Combined with a salad, this rich soup is a meal for my husband and me. I top it with Brie, prosciutto and garlic on French bread to make it extra tasty. —Laura McAllister, Morganton, North Carolina
- 1/4 cup butter, cubed
- 1/4 cup plus 1 tablespoon olive oil, divided
- 6 large sweet onions, thinly sliced (about 12 cups)
- 1 whole garlic bulb
- 1/4 cup dry red wine or beef broth
- 6 cups beef broth
- 1-1/2 teaspoons Worcestershire sauce
- 1 bay leaf
- Dash cayenne pepper
- Pepper to taste
- 9 slices French bread (1 inch thick)
- 1 round (8 ounces) Brie cheese, rind removed, softened
- 6 thin slices prosciutto or deli ham, chopped
- 2 cups grated Parmesan cheese
- In Dutch oven over medium heat, melt butter with 1/4 cup oil; add onions. Cook, stirring occasionally, for 15 minutes. Reduce heat to low. Cook 45 minutes longer or until onions are golden, stirring occasionally.
- Meanwhile, remove papery outer skin from garlic (do not peel or separate cloves). Cut top off garlic bulb; brush with remaining oil.
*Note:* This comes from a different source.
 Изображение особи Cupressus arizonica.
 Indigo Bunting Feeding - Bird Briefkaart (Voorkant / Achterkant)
Wrap in heavy-duty foil.
- Bake at 425° for 30-35 minutes or until softened. Cool for 10-15 minutes. Squeeze softened garlic into a small bowl; mash and set aside.
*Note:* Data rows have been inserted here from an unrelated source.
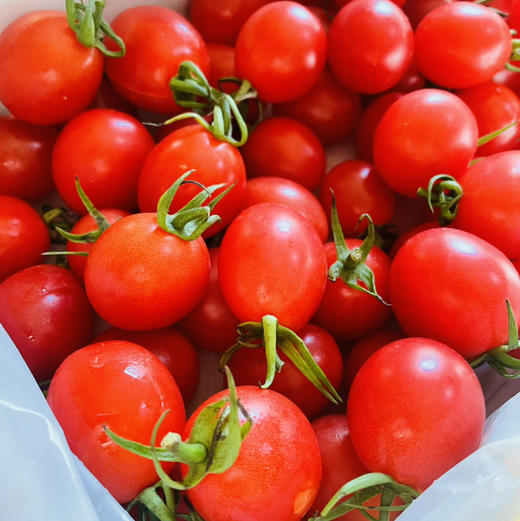 【一定要多吃瘦身糖丸千禧果】来自海沙地的小甜番，瘦身的精髓就在这！瘦就现在！ 商品图3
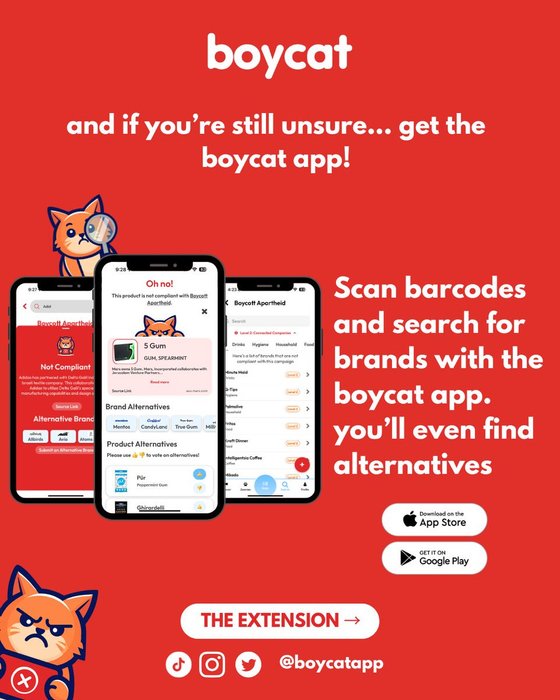 Thumbnail of www-x-com-boycatapp-status-1856383896402751773-dec7ba4000a842eb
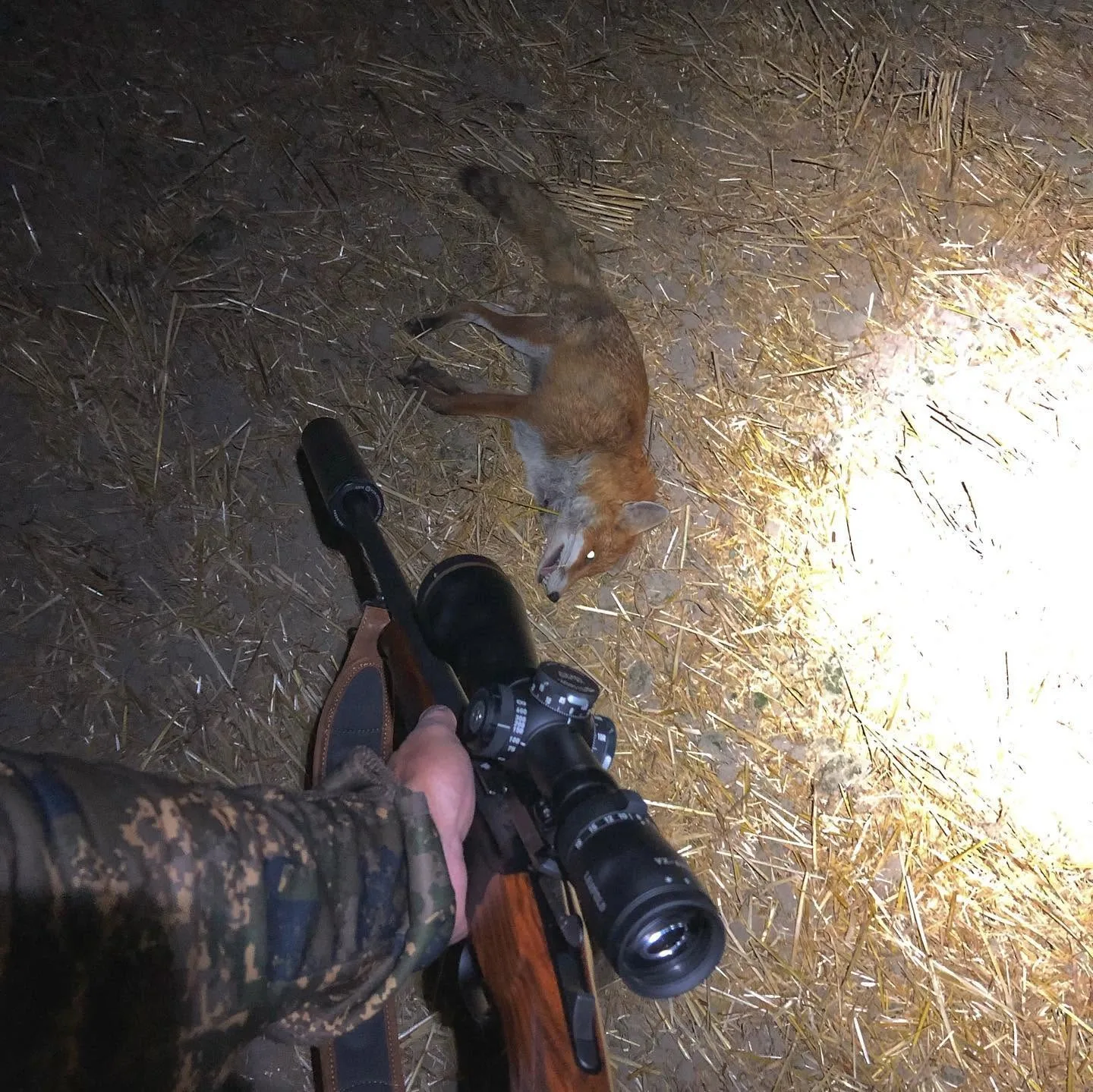 Kataneno Hunt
- Add wine to the onion mixture; cook for 2 minutes. Stir in the broth, Worcestershire sauce, bay leaf, cayenne and pepper. Bring to a boil. Reduce heat; simmer, uncovered, for 15-20 minutes.
- Place bread on a baking sheet. Bake at 425° for 3-5 minutes or until golden brown, turning once. Spread each slice with Brie and mashed garlic; sprinkle with prosciutto.
- Discard bay leaf from soup; ladle 1 cup each into nine ovenproof bowls. Top with one slice of toast; sprinkle with Parmesan cheese. Place bowls on a baking sheet. Bake for 10 minutes or until cheese is melted. Yield: 9 servings.
Originally published as Special French Onion Soup in Country Woman April/May 2008, p27
Full-Bodied Red Wine
Enjoy this recipe with a full-bodied red wine such as Cabernet Sauvignon, Merlot or Syrah.